El presidente publicó un decreto para detener el presupuesto de todo, salvo sus programas y proyectos, y envió una iniciativa para ejercer el gasto sin ninguna restricción democrática.

Ilustración de Patricio Betteo, cortesía de Nexos

El Presupuesto de Egresos de la Federación (PEF) ha sido un chiste por muchos años. El documento más importante que aprueba la Cámara de Diputados, en el que se ponen con pesos y centavos las prioridades del gobierno, históricamente no ha sido más que una carta de buenas intenciones que acaba siendo modificada discrecionalmente desde las oficinas de la Secretaría de Hacienda (SHCP). Año con año, el gasto real del gobierno termina siendo muy diferente de cómo se había presupuestado originalmente porque todo el tiempo se utiliza una figura conocida como “adecuaciones presupuestarias”. Esto no es ninguna novedad.
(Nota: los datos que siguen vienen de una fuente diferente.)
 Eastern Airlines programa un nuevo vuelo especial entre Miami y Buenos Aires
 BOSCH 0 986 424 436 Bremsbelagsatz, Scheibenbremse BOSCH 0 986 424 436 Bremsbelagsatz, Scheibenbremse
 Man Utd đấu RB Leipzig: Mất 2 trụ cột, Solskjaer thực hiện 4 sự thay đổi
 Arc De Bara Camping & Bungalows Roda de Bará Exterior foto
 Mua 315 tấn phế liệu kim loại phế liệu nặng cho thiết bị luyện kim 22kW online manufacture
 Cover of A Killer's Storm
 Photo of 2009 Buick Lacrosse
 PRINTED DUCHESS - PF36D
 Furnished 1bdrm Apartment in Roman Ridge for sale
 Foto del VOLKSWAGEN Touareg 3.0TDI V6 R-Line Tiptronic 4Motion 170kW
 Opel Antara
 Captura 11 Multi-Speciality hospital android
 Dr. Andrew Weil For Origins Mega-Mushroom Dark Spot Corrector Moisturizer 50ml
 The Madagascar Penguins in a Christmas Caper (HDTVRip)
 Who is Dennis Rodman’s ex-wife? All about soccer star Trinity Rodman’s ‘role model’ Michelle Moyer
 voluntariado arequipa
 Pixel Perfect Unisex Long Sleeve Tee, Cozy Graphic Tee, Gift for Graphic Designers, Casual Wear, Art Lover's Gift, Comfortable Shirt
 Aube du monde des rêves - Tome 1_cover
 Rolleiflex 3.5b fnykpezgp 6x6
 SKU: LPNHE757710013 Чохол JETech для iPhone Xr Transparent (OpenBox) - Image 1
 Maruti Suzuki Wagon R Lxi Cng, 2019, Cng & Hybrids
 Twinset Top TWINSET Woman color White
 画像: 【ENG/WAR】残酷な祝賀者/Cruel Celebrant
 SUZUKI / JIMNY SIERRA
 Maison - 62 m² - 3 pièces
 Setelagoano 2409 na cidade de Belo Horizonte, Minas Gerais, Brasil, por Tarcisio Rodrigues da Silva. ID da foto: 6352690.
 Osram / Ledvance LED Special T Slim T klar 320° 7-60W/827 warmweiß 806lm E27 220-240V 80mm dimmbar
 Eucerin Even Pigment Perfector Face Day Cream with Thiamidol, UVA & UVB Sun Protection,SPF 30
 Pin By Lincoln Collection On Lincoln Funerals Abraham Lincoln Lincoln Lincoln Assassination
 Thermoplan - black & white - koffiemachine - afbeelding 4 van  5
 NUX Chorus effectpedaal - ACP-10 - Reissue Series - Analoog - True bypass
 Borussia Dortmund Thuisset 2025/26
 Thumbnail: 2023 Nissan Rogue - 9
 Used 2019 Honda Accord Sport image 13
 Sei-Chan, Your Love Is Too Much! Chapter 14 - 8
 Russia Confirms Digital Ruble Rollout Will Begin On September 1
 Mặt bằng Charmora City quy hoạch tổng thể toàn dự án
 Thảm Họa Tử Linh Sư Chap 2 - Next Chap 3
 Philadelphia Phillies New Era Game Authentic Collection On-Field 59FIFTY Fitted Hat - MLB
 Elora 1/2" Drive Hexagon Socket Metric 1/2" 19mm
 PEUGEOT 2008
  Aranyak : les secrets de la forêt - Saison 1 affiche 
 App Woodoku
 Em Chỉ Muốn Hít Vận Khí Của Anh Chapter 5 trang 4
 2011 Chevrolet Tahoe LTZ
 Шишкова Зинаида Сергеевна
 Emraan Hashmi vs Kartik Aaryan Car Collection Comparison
A pesar de ello, no deja de ser desconcertante, preocupante y francamente desolador el leer la iniciativa que el presidente López Obrador envió al Congreso el pasado jueves 23 de abril por la noche. En términos sencillos, el presidente busca enterrar por completo la simulación del PEF para dejar claro un mensaje: en México nadie decide cómo va a gastarse el dinero más que él; nada ni nadie puede oponerse a la voluntad presidencial y, mucho menos, cuando se trata de dinero. Esto es una regresión al presidencialismo más rancio y tóxico, a la vez que evidencia un profundo desprecio por la democracia y las instituciones. Tendremos que ir por partes para desmenuzar esta valoración.

Antes que nada, hay que decir con todas sus letras que no hay ningún pasado que extrañar: antes no estábamos mejor. A pesar de que el diseño constitucional del sistema político mexicano señala que la aprobación del presupuesto del gobierno es una facultad de la Cámara de Diputados, en la práctica resulta que la capacidad de injerencia de los legisladores en el presupuesto ha sido mínima: por un lado, hay una asimetría de información y capacidades con respecto a la Secretaría de Hacienda durante la negociación del presupuesto;  por el otro, están imposibilitados de hacer algo ante modificaciones durante el ejercicio del gasto. Esto se debe a que las ya conocidas adecuaciones presupuestarias son realizadas de manera unilateral por los ejecutores de gasto y la SHCP y, de acuerdo con el artículo 58 de la Ley Federal de Presupuesto y Responsabilidades Hacendarias (LFPRH) —la ley que regula cómo funciona el PEF y qué hace cada quién en este proceso— éstas son informadas a los diputados una vez realizadas y lo único que pueden hacer al respecto es emitir una opinión; es decir, nada.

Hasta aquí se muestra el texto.